Raw data:
= Beginning of Section =

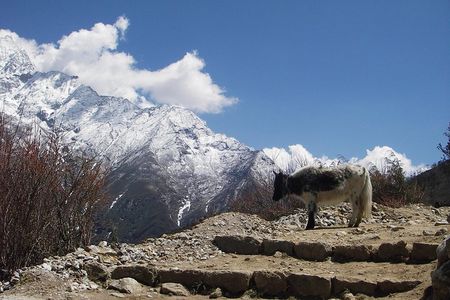 Everest Base Camp - Cho La Pass - Gokyo Trek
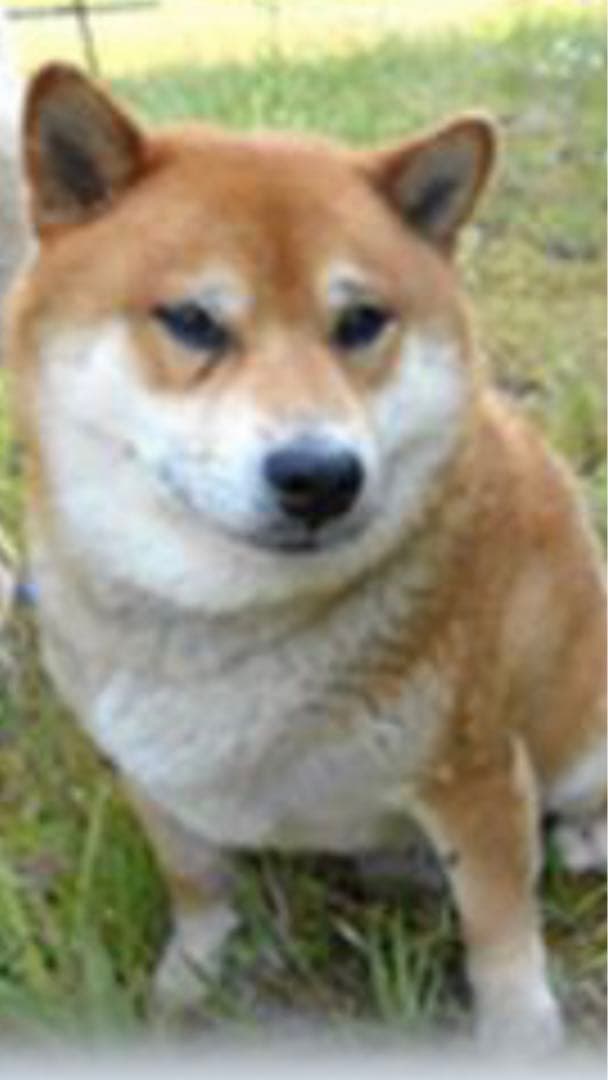 miniさま  確認用　その②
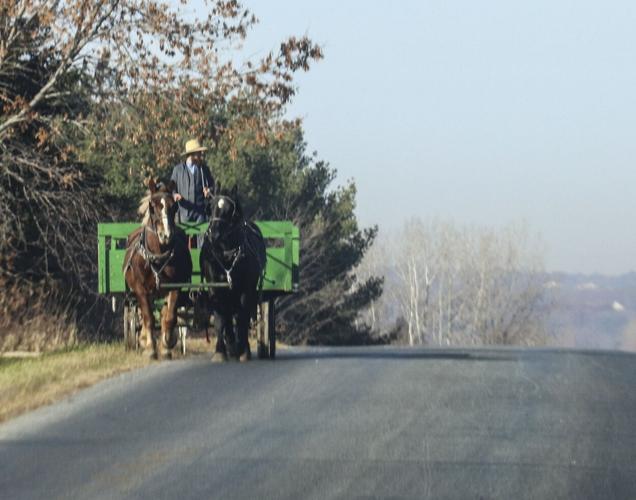 Amish wagon on road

= End of Section =

Brief:
Repeat the material verbatim. Do not carry over any picture.

Solution:
 Everest Base Camp - Cho La Pass - Gokyo Trek
 miniさま  確認用　その②
 Amish wagon on road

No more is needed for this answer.